The number of uber-luxury home sales in New York City at or above the $15 million mark hit a post-recession high over the past 12 months, with 76 closed sales at that price recorded in Manhattan.
At the current pace, $15 million-and-up sales are on track to set an all-time record in 2014, according to Jonathan Miller, president and CEO of appraisal firm Miller Samuel.
The last time the number of deals at that threshold was this high was in 2008, when 90 sales at or above $15 million were recorded, according to city property data.
Of the 76 closed sales at or above $15 million, 24 were located in new condominium developments, the data show. And that number — currently accounting for roughly 30 percent of the sales in the price bracket — is expected to continue to rise.
“I think that number is undercounting, in the sense that there’s a lot of [new condo purchases] just starting to close now,” Miller said. “That’s going to occur with increasing frequency, so I would suspect that the $15 million-plus market will be more like 50 percent new development, if not more.”

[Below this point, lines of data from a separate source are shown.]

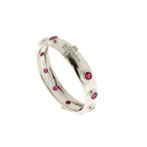 Anello rosario  in oro bianco con pietre rosse - prezzi scontati su istanti di gioia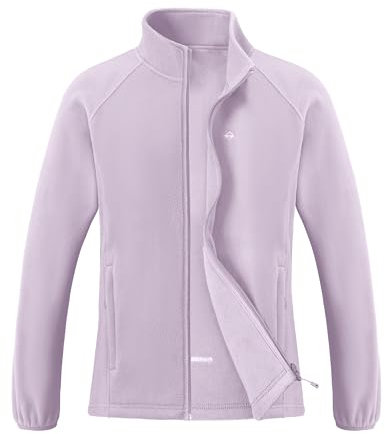 Pioneer Camp Veste polaire légère pour femme - Fermeture éclair - Col montant - Veste chaude pour l'hiver - Veste de survêtement antistatique avec poches,rose gris,XXL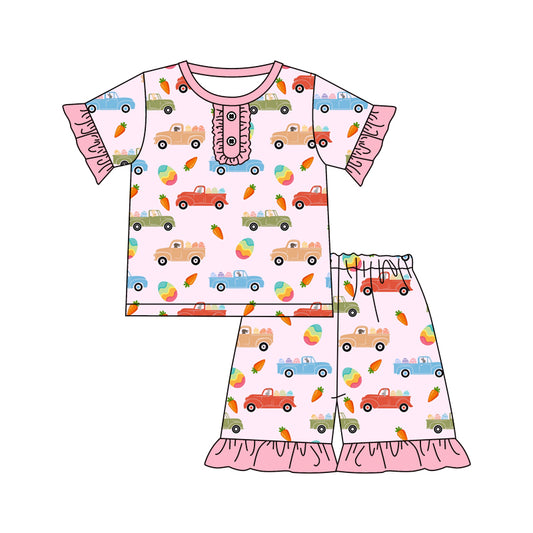 Baby Girls Easter Carrot Short Sleeve Tee Shirt Shorts Pajamas Clothing Sets Preorder(moq 5)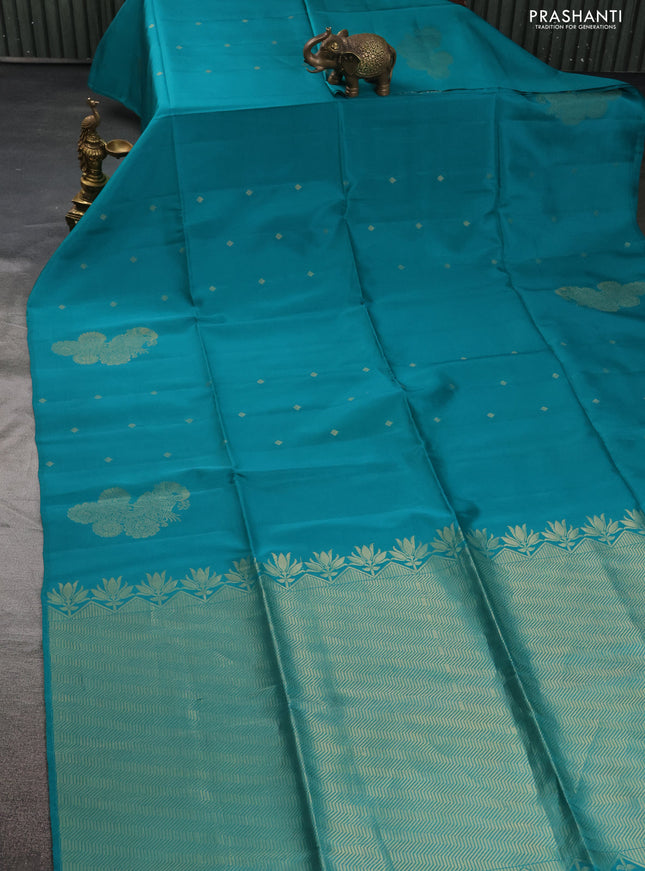 Kanchipuram soft silk saree teal green with zari woven buttas and zari woven butta border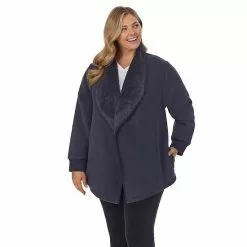 Plus Size Koolaburra By UGG Microfleece & Sherpa Open Cardigan Black -Koolaburra by UGG shop unnamed file 975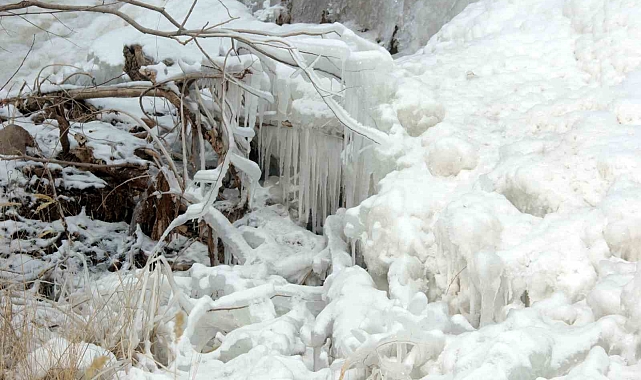 Erzincan'da dereler buz tuttu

The push for both higher price points and buyer interest in new high-end development is driven by two main factors, Miller said: costly land on which increasingly expensive residential product is being built, and a global phenomenon of international investors seeking a safe haven for their capital.
“I like to say we’re building the world’s most expensive safety deposit boxes,” Miller quipped.
At the top of the chart was the $70 million purchase of an apartment at 960 Fifth Avenue, an all-time record for a co-op. Egyptian billionaire Nassef Sawiris purchased the penthouse owned by the estate of the late Seagram’s chief Edgar Bronfman in June.
Another co-op deal for $70 million took place at 740 Park Avenue. An apartment there, which has long served as the official residence of the French ambassador to the United Nations, was reportedly sold to hedge fund founder Israel Englander, also in June.
The $15 million threshold represents an upper echelon of the market that is increasingly detached from the mainstream. While there are more homes available at that price point than in past years, it still represents only the top 0.7 percent of all closed sales — less than 1 percent of the entire market.
The sales at or above $15 million over the last year were all concentrated in Manhattan. The priciest property sale in Brooklyn — a three-bedroom townhouse at 12 College Place in Brooklyn Heights — went for $8.67 million in November, while the priciest in Queens — a seven-bedroom house at 72 Tennis Place in Forest Hills — sold for $4.3 million the same month. The highest sales in both Staten Island and the Bronx were under $3 million.